**DATASET CONTENT**
:::::
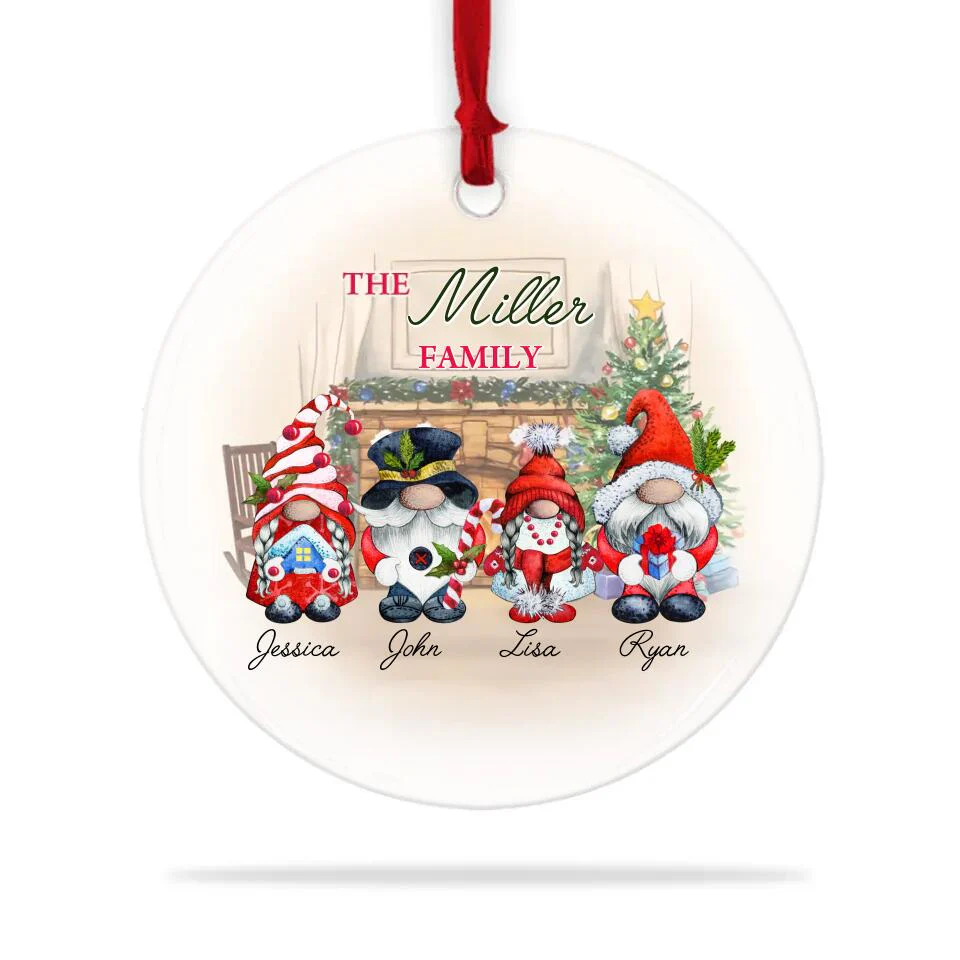 The Gnome Family Personalized Ceramic Ornament Gift For Christmas For Family - Image 3
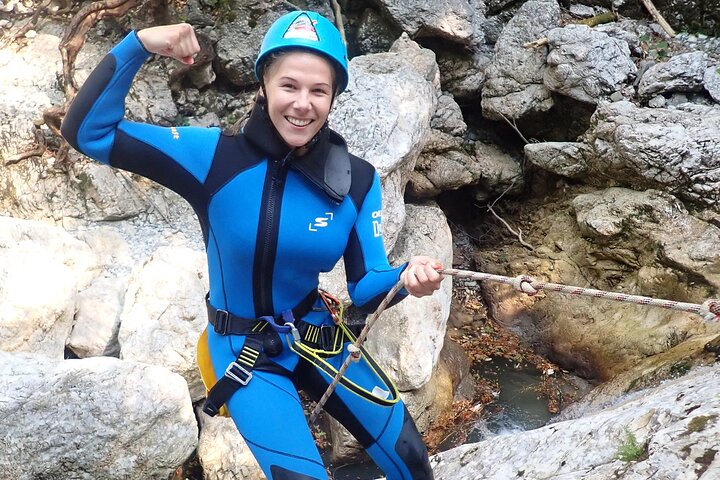 CANYONING in Susec from Bovec, Families welcome, photo service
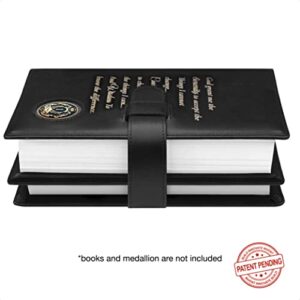 Genuine Leather Double AA Big Book Cover & 12 Steps & 12 Traditions | Medallion Holder | by Galileo | Perfect Gift | Alcoholics Anonymous (Genuine Leather, Black/Serenity Prayer)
:::::
**ACTIVITY**
Repeat every line above exactly, but omit all images.

**WRITTEN ANSWER**
 The Gnome Family Personalized Ceramic Ornament Gift For Christmas For Family - Image 3
 CANYONING in Susec from Bovec, Families welcome, photo service
 Genuine Leather Double AA Big Book Cover & 12 Steps & 12 Traditions | Medallion Holder | by Galileo | Perfect Gift | Alcoholics Anonymous (Genuine Leather, Black/Serenity Prayer)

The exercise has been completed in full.